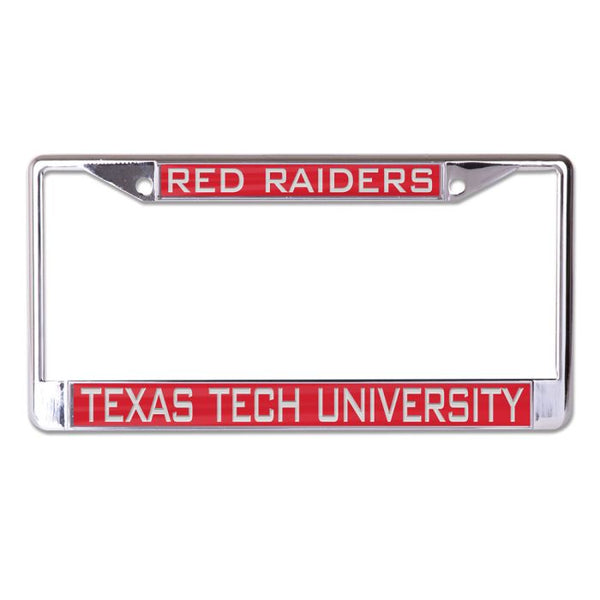 Wholesale-Texas Tech Red Raiders Lic Plt Frame S/L Printed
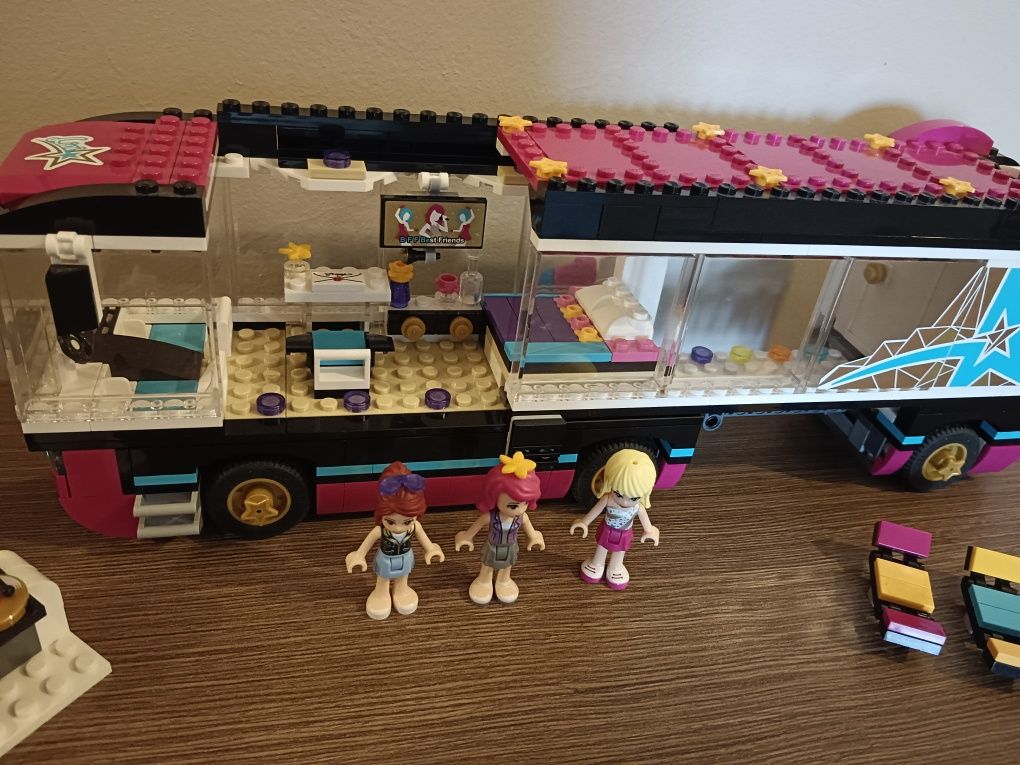 LEGO friends 41106 wóz koncertowy gwiazdy pop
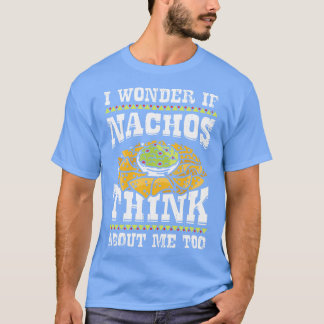 Grappig Nacho-liefhebber cadeau T-shirt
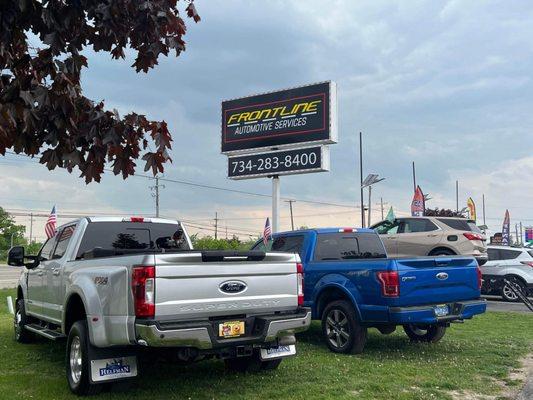 Frontline Automotive Services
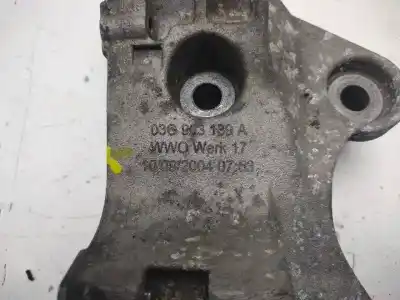 Second-hand car spare part alternator support for audi a3 (8p) 1.9 tdi ambiente oem iam references r03g903143a  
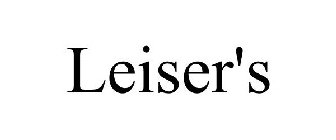 LEISER'S
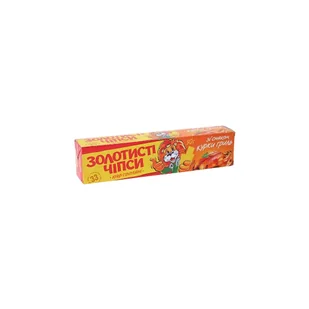 Chipsy ziemniaczane o smaku grillowanego kurczaka "Złote" 50g - Chipsy - miniaturka - grafika 1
★ ★ ★ ★ ★ ★ ★
* _Task item_:
When you copy the records above, keep every word exact but leave out the pictures.

* _Result_:
 Wholesale-Texas Tech Red Raiders Lic Plt Frame S/L Printed
 LEGO friends 41106 wóz koncertowy gwiazdy pop
 Grappig Nacho-liefhebber cadeau T-shirt
 Frontline Automotive Services
 Second-hand car spare part alternator support for audi a3 (8p) 1.9 tdi ambiente oem iam references r03g903143a  
 LEISER'S
 Chipsy ziemniaczane o smaku grillowanego kurczaka "Złote" 50g - Chipsy - miniaturka - grafika 1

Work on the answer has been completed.